Question: Programming Challange: Pairwise Alignments To Multiple Alignment
7
gravatar for Rm
10.0 years ago by
Rm8.0k
Danville, PA
Rm8.0k wrote:

I have a set of 10-12 very closely related chromosome sequences (from different strains) aligned to a "single" reference chromosome. Now I need to generate multiple sequence alignment of these without afftecting individual alignments to the reference. All that I need is to add relative inserts at respective sequence positions, so that I get a global alignment with respect to reference.

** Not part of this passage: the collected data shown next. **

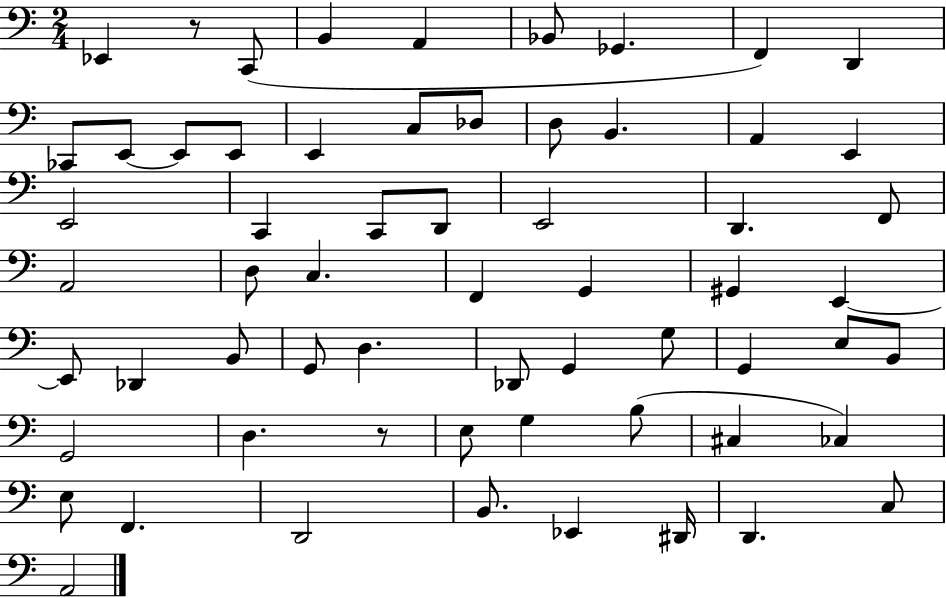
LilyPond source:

{
  \clef bass
  \numericTimeSignature
  \time 2/4
  \key c \major
  \repeat volta 2 { ees,4 r8 c,8( | b,4 a,4 | bes,8 ges,4. | f,4) d,4 | \break ces,8 e,8~~ e,8 e,8 | e,4 c8 des8 | d8 b,4. | a,4 e,4 | \break e,2 | c,4 c,8 d,8 | e,2 | d,4. f,8 | \break a,2 | d8 c4. | f,4 g,4 | gis,4 e,4~~ | \break e,8 des,4 b,8 | g,8 d4. | des,8 g,4 g8 | g,4 e8 b,8 | \break g,2 | d4. r8 | e8 g4 b8( | cis4 ces4) | \break e8 f,4. | d,2 | b,8. ees,4 dis,16 | d,4. c8 | \break a,2 | } \bar "|."
}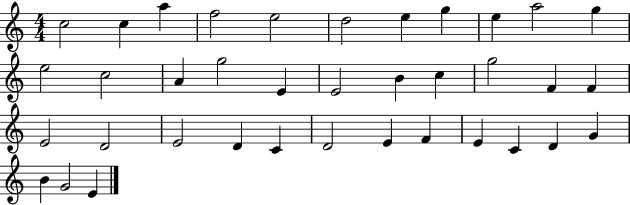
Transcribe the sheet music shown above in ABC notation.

X:1
T:Untitled
M:4/4
L:1/4
K:C
c2 c a f2 e2 d2 e g e a2 g e2 c2 A g2 E E2 B c g2 F F E2 D2 E2 D C D2 E F E C D G B G2 E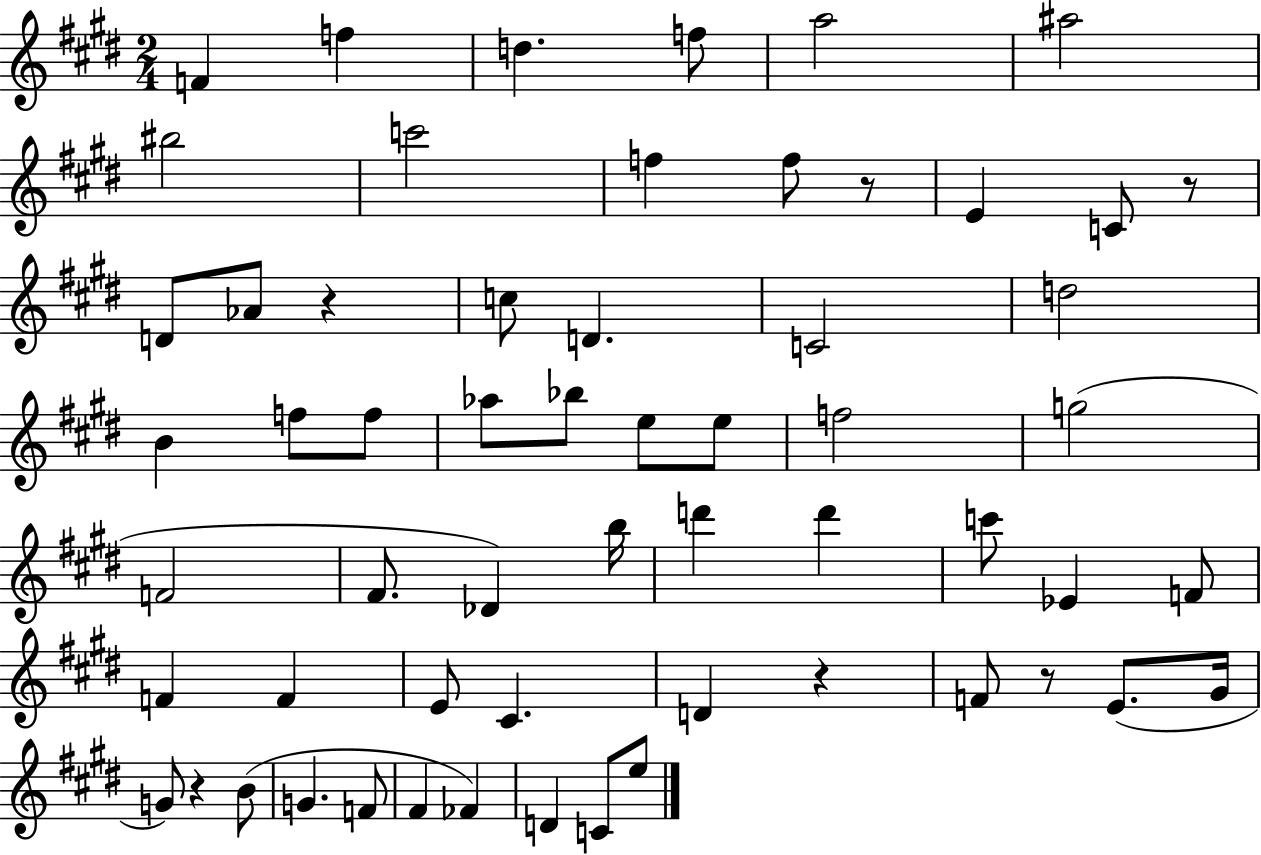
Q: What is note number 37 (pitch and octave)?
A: F4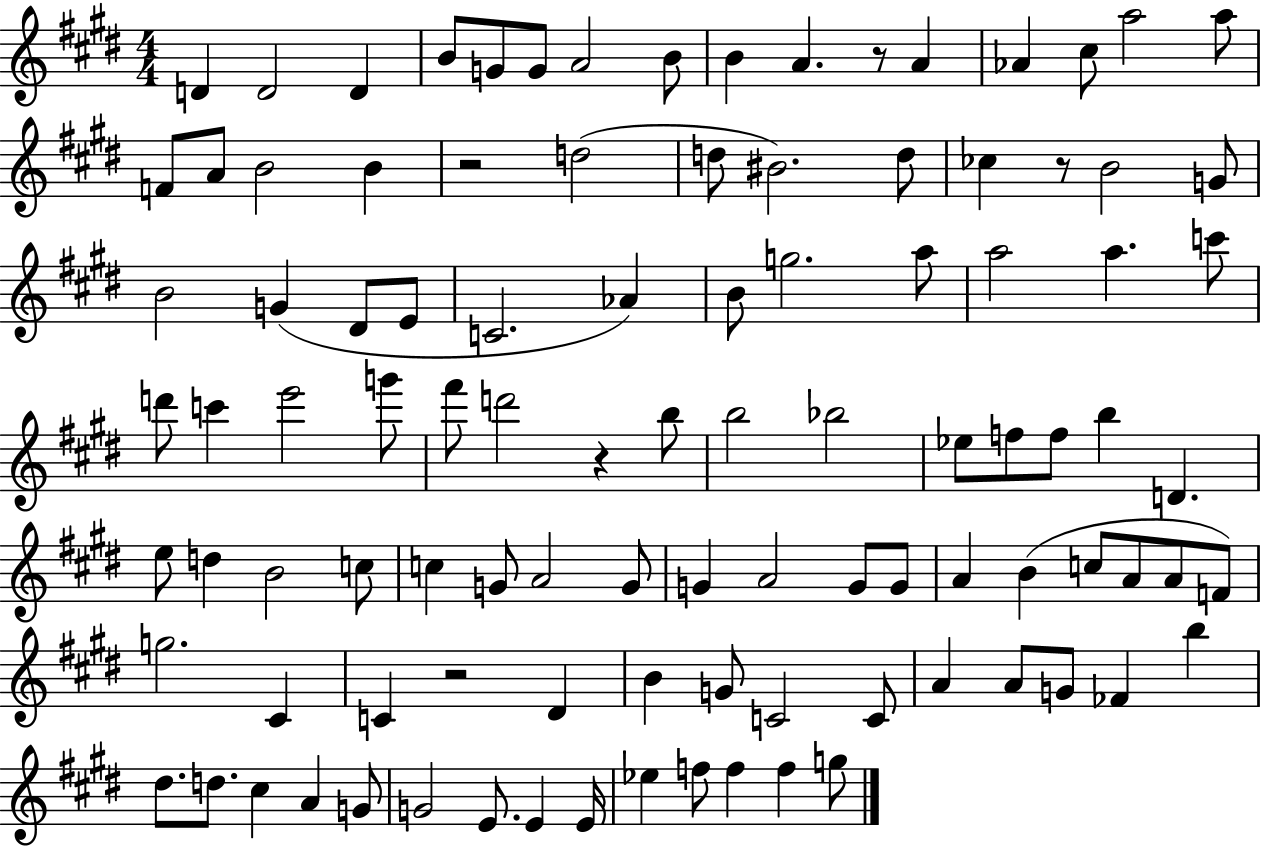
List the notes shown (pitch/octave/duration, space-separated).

D4/q D4/h D4/q B4/e G4/e G4/e A4/h B4/e B4/q A4/q. R/e A4/q Ab4/q C#5/e A5/h A5/e F4/e A4/e B4/h B4/q R/h D5/h D5/e BIS4/h. D5/e CES5/q R/e B4/h G4/e B4/h G4/q D#4/e E4/e C4/h. Ab4/q B4/e G5/h. A5/e A5/h A5/q. C6/e D6/e C6/q E6/h G6/e F#6/e D6/h R/q B5/e B5/h Bb5/h Eb5/e F5/e F5/e B5/q D4/q. E5/e D5/q B4/h C5/e C5/q G4/e A4/h G4/e G4/q A4/h G4/e G4/e A4/q B4/q C5/e A4/e A4/e F4/e G5/h. C#4/q C4/q R/h D#4/q B4/q G4/e C4/h C4/e A4/q A4/e G4/e FES4/q B5/q D#5/e. D5/e. C#5/q A4/q G4/e G4/h E4/e. E4/q E4/s Eb5/q F5/e F5/q F5/q G5/e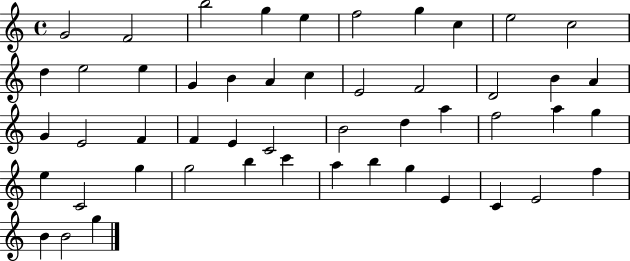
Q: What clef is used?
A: treble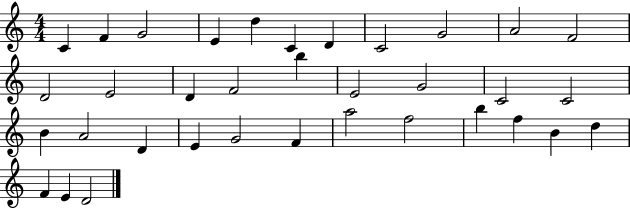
X:1
T:Untitled
M:4/4
L:1/4
K:C
C F G2 E d C D C2 G2 A2 F2 D2 E2 D F2 b E2 G2 C2 C2 B A2 D E G2 F a2 f2 b f B d F E D2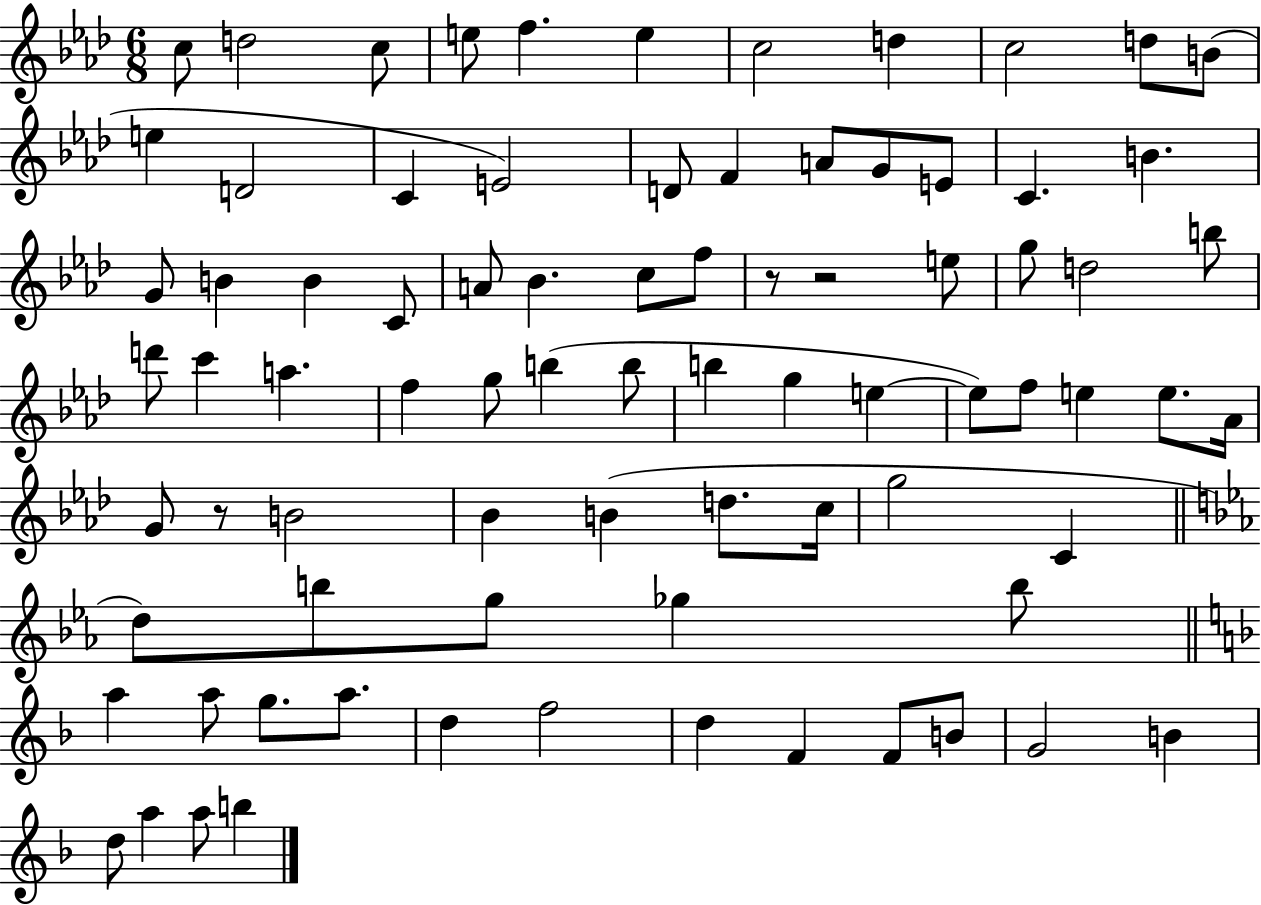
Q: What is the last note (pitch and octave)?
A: B5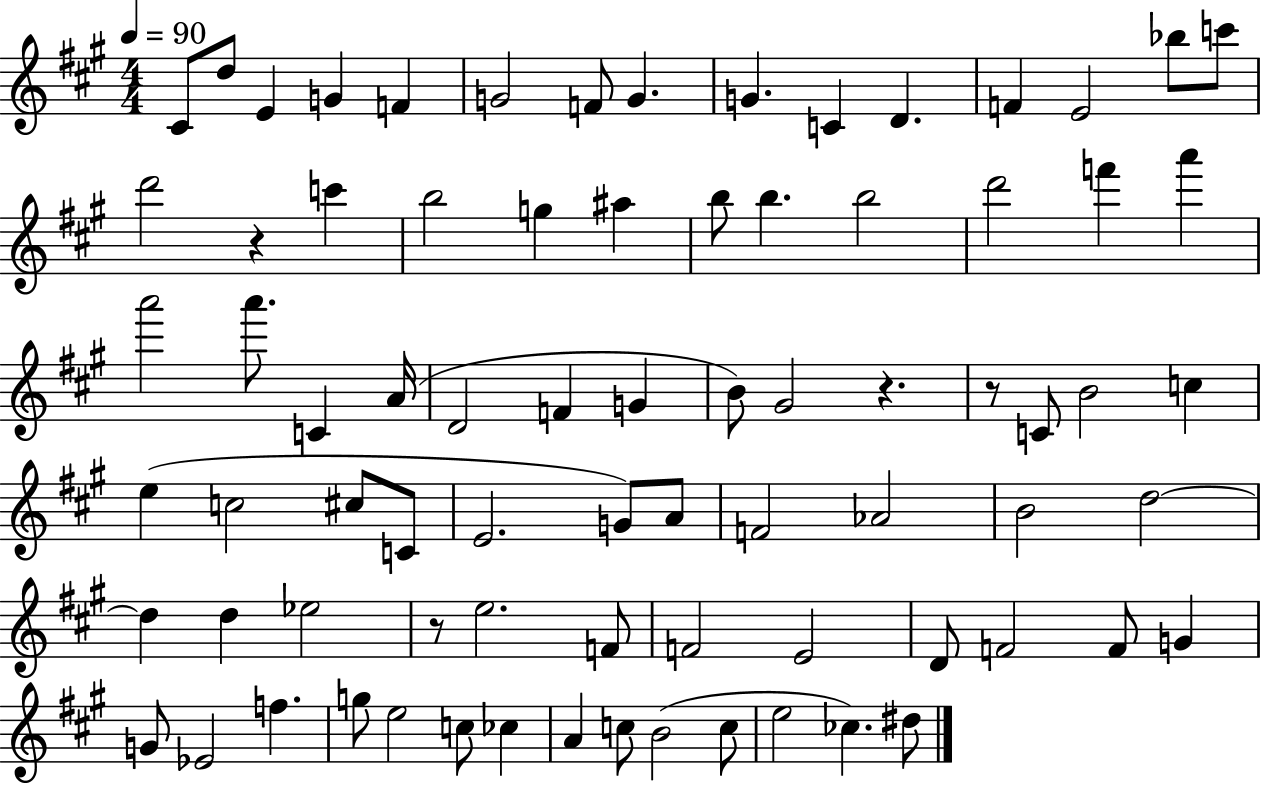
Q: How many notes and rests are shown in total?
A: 78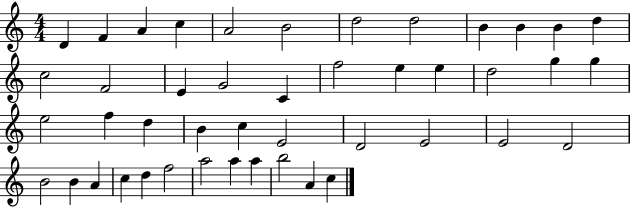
D4/q F4/q A4/q C5/q A4/h B4/h D5/h D5/h B4/q B4/q B4/q D5/q C5/h F4/h E4/q G4/h C4/q F5/h E5/q E5/q D5/h G5/q G5/q E5/h F5/q D5/q B4/q C5/q E4/h D4/h E4/h E4/h D4/h B4/h B4/q A4/q C5/q D5/q F5/h A5/h A5/q A5/q B5/h A4/q C5/q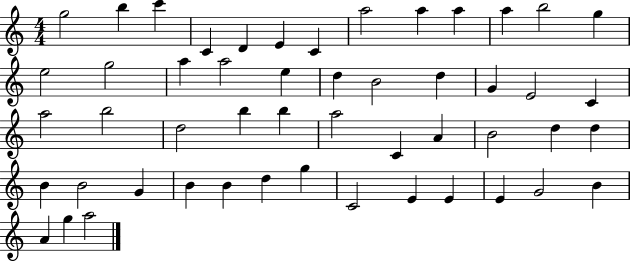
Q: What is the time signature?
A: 4/4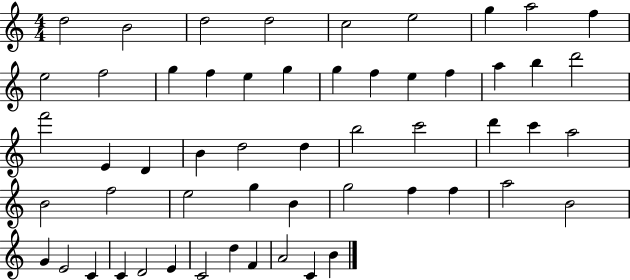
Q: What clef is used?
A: treble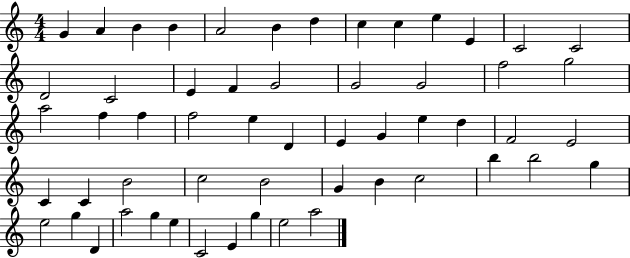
{
  \clef treble
  \numericTimeSignature
  \time 4/4
  \key c \major
  g'4 a'4 b'4 b'4 | a'2 b'4 d''4 | c''4 c''4 e''4 e'4 | c'2 c'2 | \break d'2 c'2 | e'4 f'4 g'2 | g'2 g'2 | f''2 g''2 | \break a''2 f''4 f''4 | f''2 e''4 d'4 | e'4 g'4 e''4 d''4 | f'2 e'2 | \break c'4 c'4 b'2 | c''2 b'2 | g'4 b'4 c''2 | b''4 b''2 g''4 | \break e''2 g''4 d'4 | a''2 g''4 e''4 | c'2 e'4 g''4 | e''2 a''2 | \break \bar "|."
}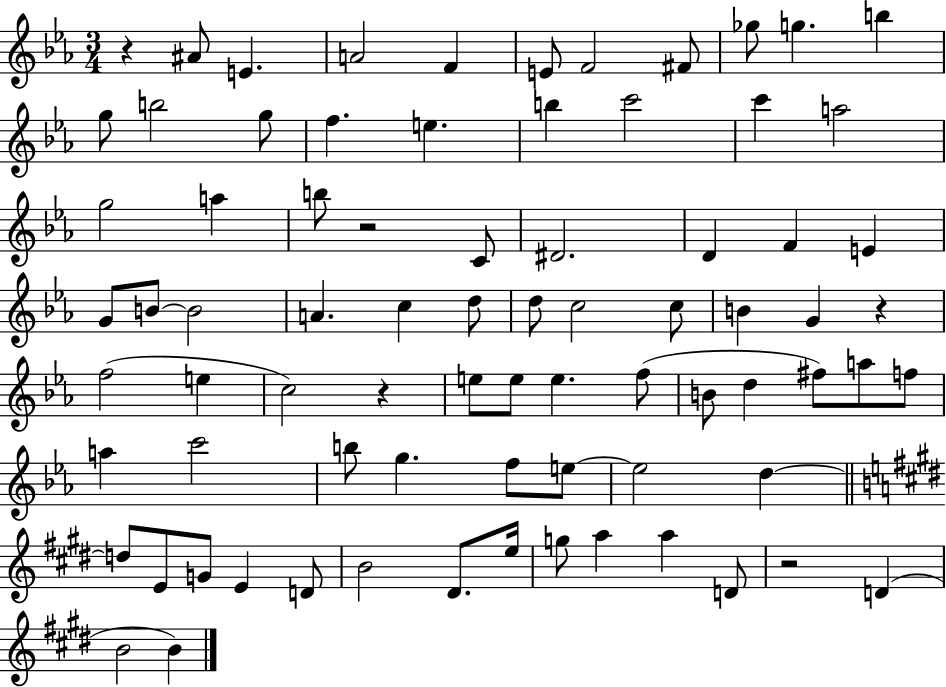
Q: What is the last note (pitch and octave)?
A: B4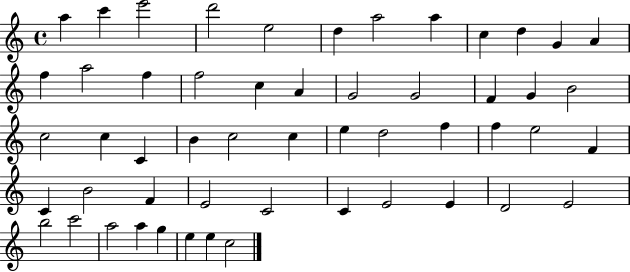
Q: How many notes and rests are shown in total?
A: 53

"Note. Here I am NOT looking for sequence similarities".

I hope some scripts are already available to do this? I dont want to reinvent the wheel. OR any suggestions to script (preferably in perl) to address this problem.

Adding more information:

What I need is to do is to "add dashes" at relative "insert" positions in other sequences, so that I get a global alignment with respect to reference.

For example with 10 sequnces: If from position 30 to 55 in seq1 has an insert. but not in other 9 sequences. In the final expanded alignment I will insert 26 dashes (-) (from 30-55) in the sequences 2 to 10 and in the reference.

And in another situation like above if seq1 has insert at 30-55 and if seq3 has insert from 40-45 and seq6 has insert from 42-49. Then I need to insert dashes like above, except in these positions (in seq3: 40-45 and in seq6: 112-119)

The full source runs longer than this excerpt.